Labour will now amend the groundbreaking Climate Change Bill, which will make the UK the first country in the world to adopt a legally binding long term framework for reducing emissions, to reflect the new target. However, Ed Miliband also pointed out that raising the target was only one step in the fight against climate change; ”we all know that signing up to an 80 per cent cut by 2050 is the easy part. The hard part is meeting it, and meeting the milestones that will show we’re on track. For us in Britain, these will be shaped by the recommendation of the Committee on Climate Change, who will advise us in December on the first fifteen years of Carbon budgets – national limits to our total emissions. We will report next year on how we will meet them. We are also determined to ensure that the signal and the commitment comes not just from Britain but, as the Prime Minister has been making clear in recent days, from Europe too.”
In the same statement, Ed Miliband also announced that Labour would be inserting a provision for a new ‘feed-in tariff’ into the Energy Bill – which will support and incentivise small-scale electricity generation by guaranteeing a price for any energy sold back to the grid by individuals or groups who generate their own.
Meanwhile, he also announced that, having met representatives of the six major energy providers yesterday, he had made it clear the the Labour Government expects the companies to take swift action to remedy any unfair pricing policies.
Last week Ofgem highlighted what they believed to be unjustified higher charges applied to four million electricity customers in areas not connected to the gas main. They also believe that even taking account of higher costs facing companies from customers with pre-payment meters, many homes that use them are being overcharged.
Explaining his tough stance, Ed Miliband said, “Unfair pricing which hits the most vulnerable hardest is completely unacceptable. I made that clear to the representatives of the big six energy companies when I met them yesterday. I also told them that the government expects rapid action or explanation to remedy any abuses and I will meet them again in a month to hear what they have done. We, and Ofgem, are determined to see these issues addressed. Ofgem are consulting on its findings until December 1st as part of a due process. If the companies don't act in a satisfactory way, then we will consult on legislation to prevent unfair pricing differentials.”
Meanwhile, David Cameron has tried to change the Tories’ image by using environmental photo opportunities and language to deliberately conceal his real agenda - he travelled to the Arctic glaciers to be photographed with Huskies and posed for the cameras cycling to work while a car carrying his shoes and briefcase followed him.
But behind the photo ops that he uses to try to convince people he has ‘greened’ the Tories, David Cameron has not fundamentally changed their values or policies. Across the country Tory MPs routinely campaign against proposed wind power developments – or what Cameron himself described as ‘bird blenders’, and by leaving the EPP and pandering to right wing Eurosceptics, would leave Britain a bit-part player in the international fight against climate change.
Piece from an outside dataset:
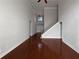 Spacious living room featuring hardwood floors and a grand staircase at 1206 Persimmon Way, Mcdonough, GA 30252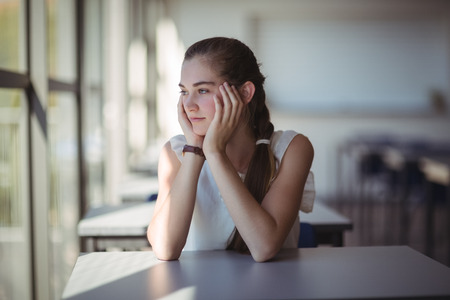 Thoughtful schoolgirl sitting in classroom at schoolの写真素材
Why have Labour raised the target to 80%?
The original 60 per cent target included in the Climate Change Bill was based on a Royal Commission report in 2000, which said that we needed to cut emissions 60 per cent cut by 2050. Since then, the Intergovernmental Panel on Climate Change reports have found that -
o Arctic sea ice has melted faster than expected.
o Emissions from other countries have grown faster.
o The impacts of each degree of climate change are known to be worse.
The Climate Change Committee concluded that for the UK to play its part, our greenhouse gas emissions in 2050 must be not 60 per cent lower than 1990, but 80 per cent lower, and that they should include all major greenhouse gases.